> [How to complete this task] Your job with the data below is to output exactly the lines from the one holding "12602 Durbans Pt" down to the one holding "The Patrol dvd label", both included, and no others.

> [Records for the exercise]
**********

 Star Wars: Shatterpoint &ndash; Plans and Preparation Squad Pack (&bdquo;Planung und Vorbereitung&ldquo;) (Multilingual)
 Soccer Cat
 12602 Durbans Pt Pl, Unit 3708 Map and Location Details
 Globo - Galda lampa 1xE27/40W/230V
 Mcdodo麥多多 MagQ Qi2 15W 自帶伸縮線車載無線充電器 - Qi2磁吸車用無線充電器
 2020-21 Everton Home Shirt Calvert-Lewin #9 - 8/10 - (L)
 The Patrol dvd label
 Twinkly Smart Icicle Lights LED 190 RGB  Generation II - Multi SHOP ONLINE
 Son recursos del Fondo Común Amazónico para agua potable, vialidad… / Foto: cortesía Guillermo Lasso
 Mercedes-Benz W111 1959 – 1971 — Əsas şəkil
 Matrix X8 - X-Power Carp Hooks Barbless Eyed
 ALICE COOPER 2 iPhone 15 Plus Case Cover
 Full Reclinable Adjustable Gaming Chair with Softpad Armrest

**********

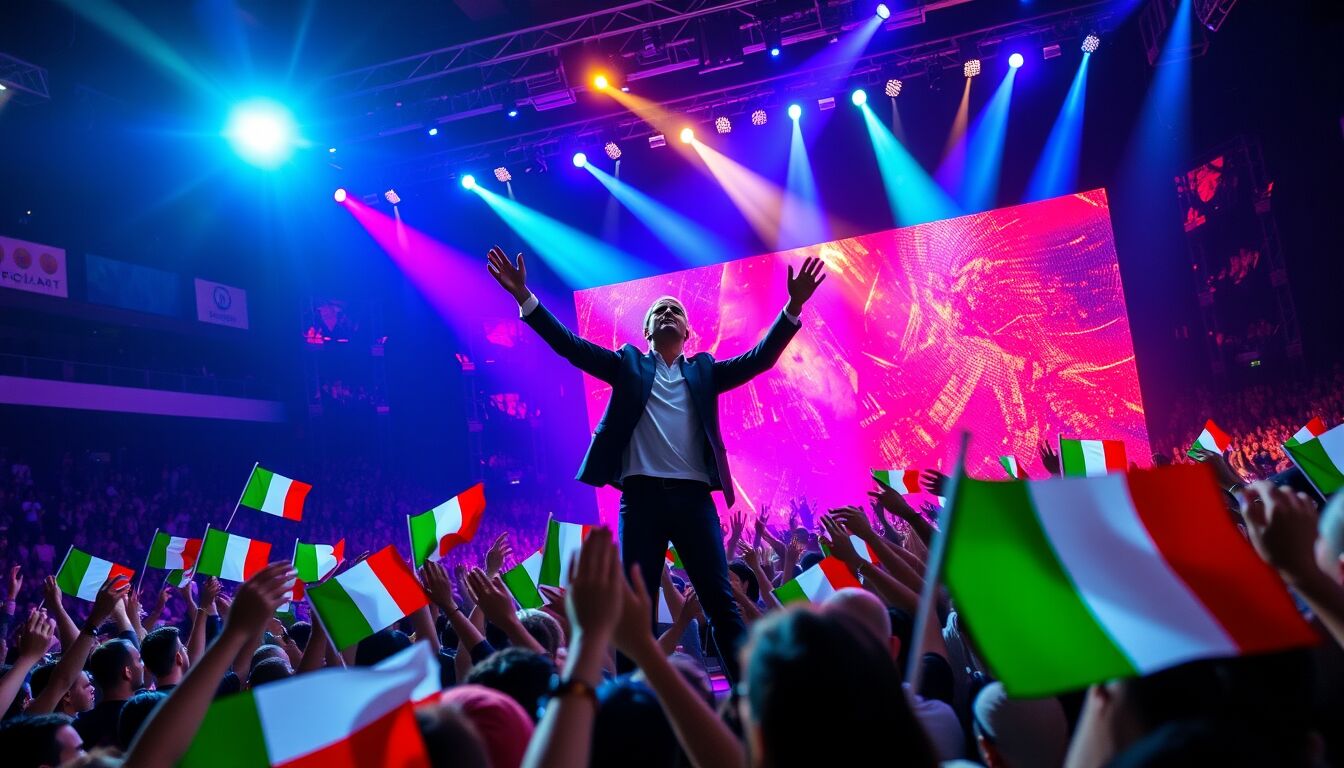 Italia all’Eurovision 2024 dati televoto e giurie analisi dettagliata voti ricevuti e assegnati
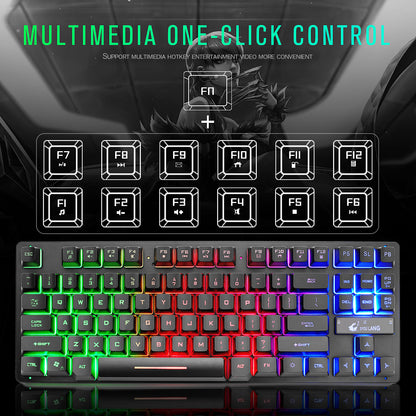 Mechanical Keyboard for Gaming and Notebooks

**********

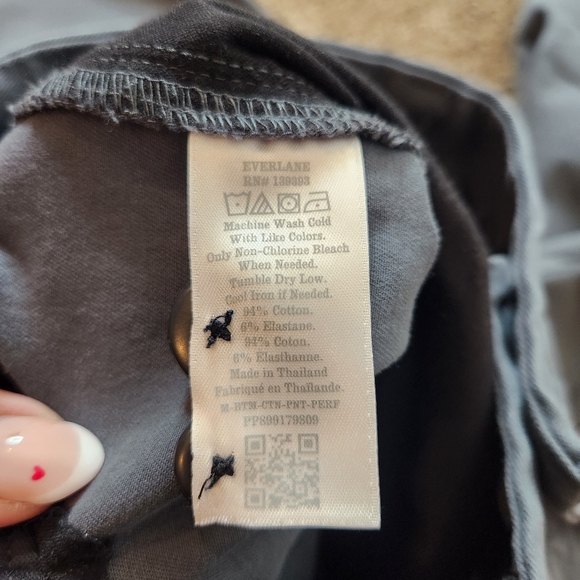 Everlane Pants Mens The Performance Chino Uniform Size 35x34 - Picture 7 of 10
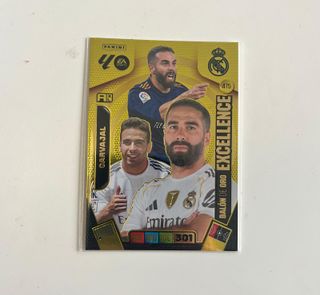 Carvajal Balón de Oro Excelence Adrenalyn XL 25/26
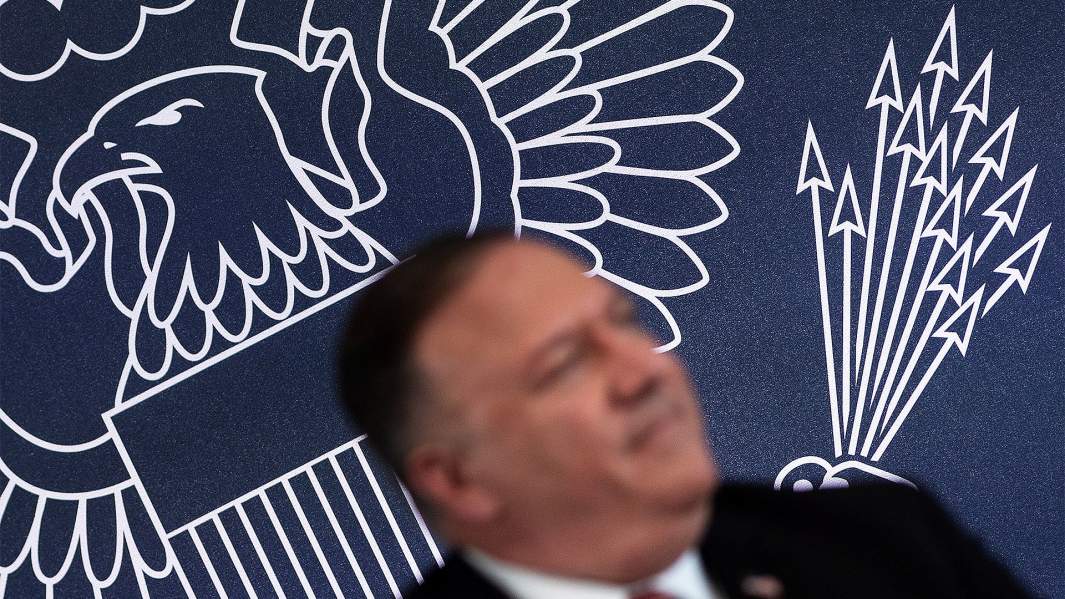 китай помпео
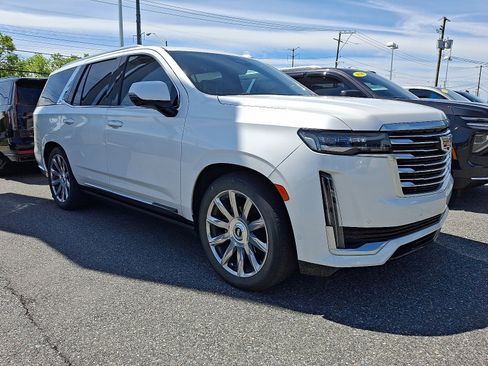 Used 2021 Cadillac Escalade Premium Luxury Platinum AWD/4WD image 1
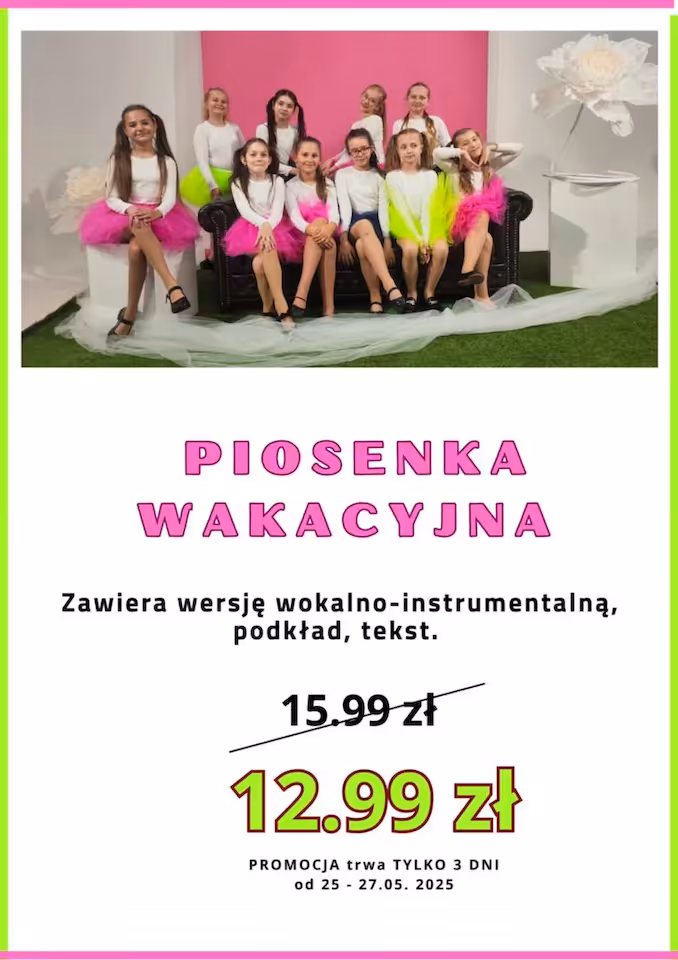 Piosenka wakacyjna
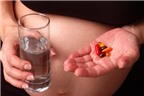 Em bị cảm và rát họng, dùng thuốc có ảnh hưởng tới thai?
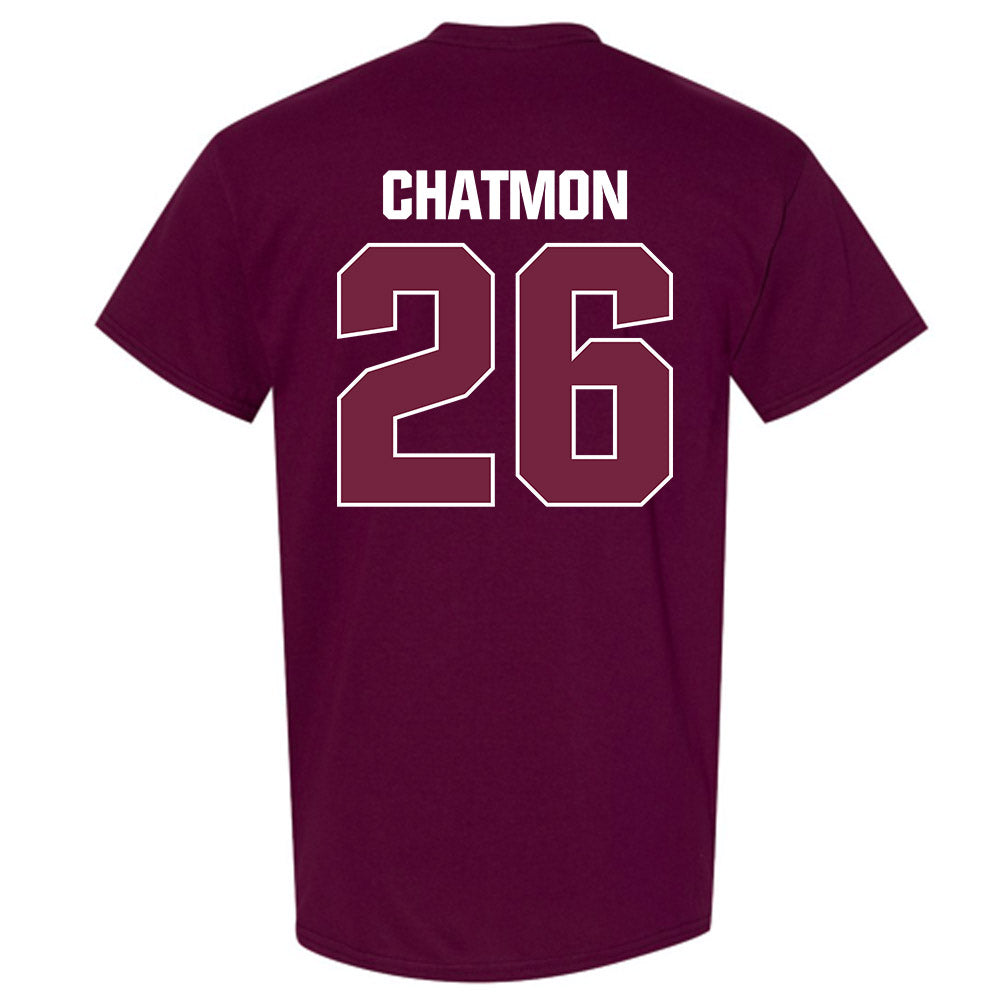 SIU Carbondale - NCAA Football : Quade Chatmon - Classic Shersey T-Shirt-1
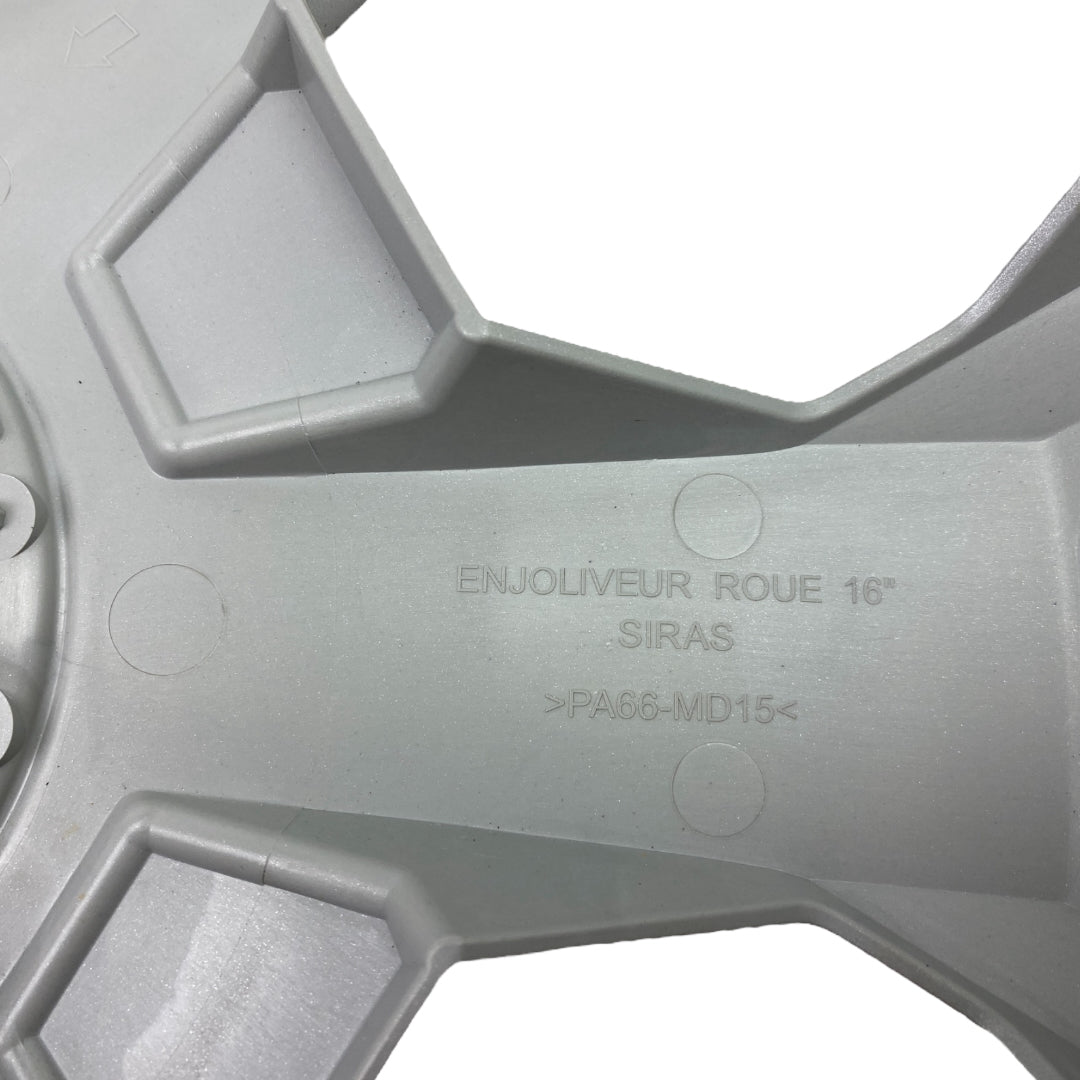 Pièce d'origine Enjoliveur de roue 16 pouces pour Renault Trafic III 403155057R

**********

> [Exercise answer]
 12602 Durbans Pt Pl, Unit 3708 Map and Location Details
 Globo - Galda lampa 1xE27/40W/230V
 Mcdodo麥多多 MagQ Qi2 15W 自帶伸縮線車載無線充電器 - Qi2磁吸車用無線充電器
 2020-21 Everton Home Shirt Calvert-Lewin #9 - 8/10 - (L)
 The Patrol dvd label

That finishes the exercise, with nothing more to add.